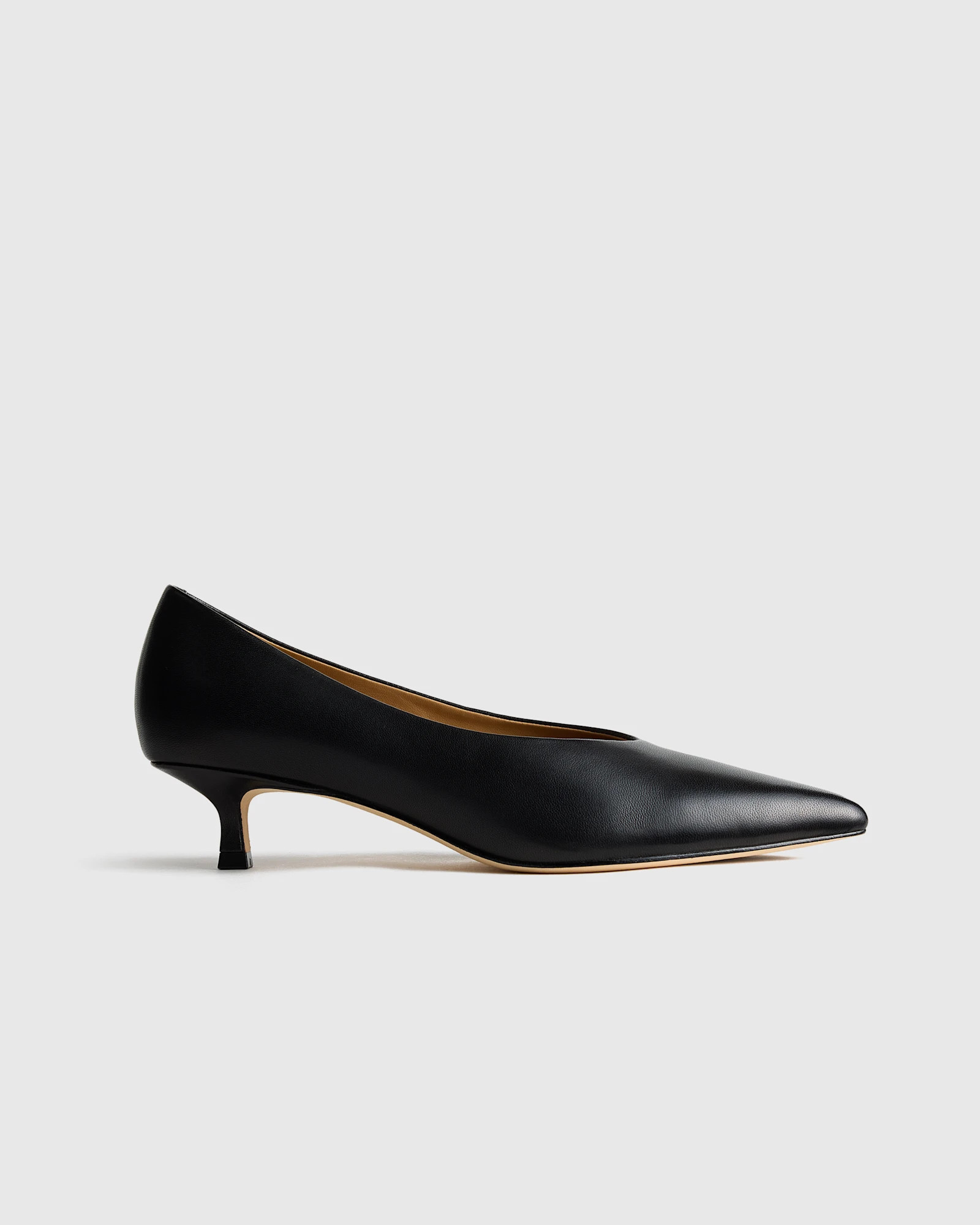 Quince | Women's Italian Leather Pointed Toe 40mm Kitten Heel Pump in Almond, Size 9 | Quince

++++++++++++++++++++

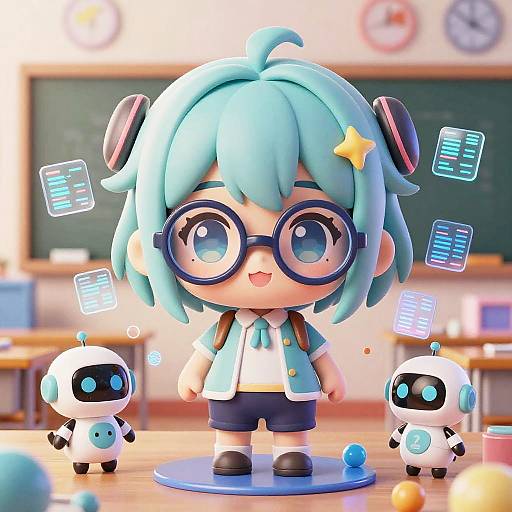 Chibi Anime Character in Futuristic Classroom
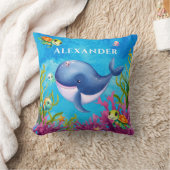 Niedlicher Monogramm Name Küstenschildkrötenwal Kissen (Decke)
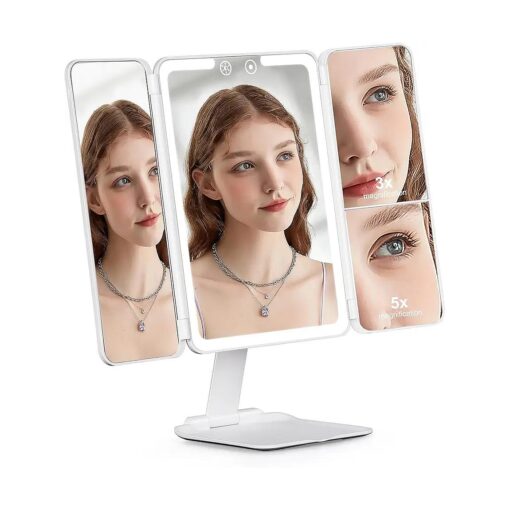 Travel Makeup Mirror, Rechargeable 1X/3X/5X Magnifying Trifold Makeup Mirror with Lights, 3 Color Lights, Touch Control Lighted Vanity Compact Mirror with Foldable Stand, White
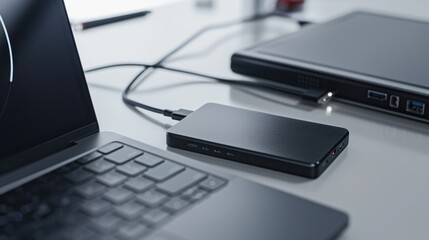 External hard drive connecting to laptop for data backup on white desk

++++++++++++++++++++

Exercise prompt>
Look above for the line with "Chibi Anime Character", then give again exactly every line from there through the line with "External hard drive", skipping the pictures.

Output of the exercise>
 Chibi Anime Character in Futuristic Classroom
 Niedlicher Monogramm Name Küstenschildkrötenwal Kissen (Decke)
 Travel Makeup Mirror, Rechargeable 1X/3X/5X Magnifying Trifold Makeup Mirror with Lights, 3 Color Lights, Touch Control Lighted Vanity Compact Mirror with Foldable Stand, White
 External hard drive connecting to laptop for data backup on white desk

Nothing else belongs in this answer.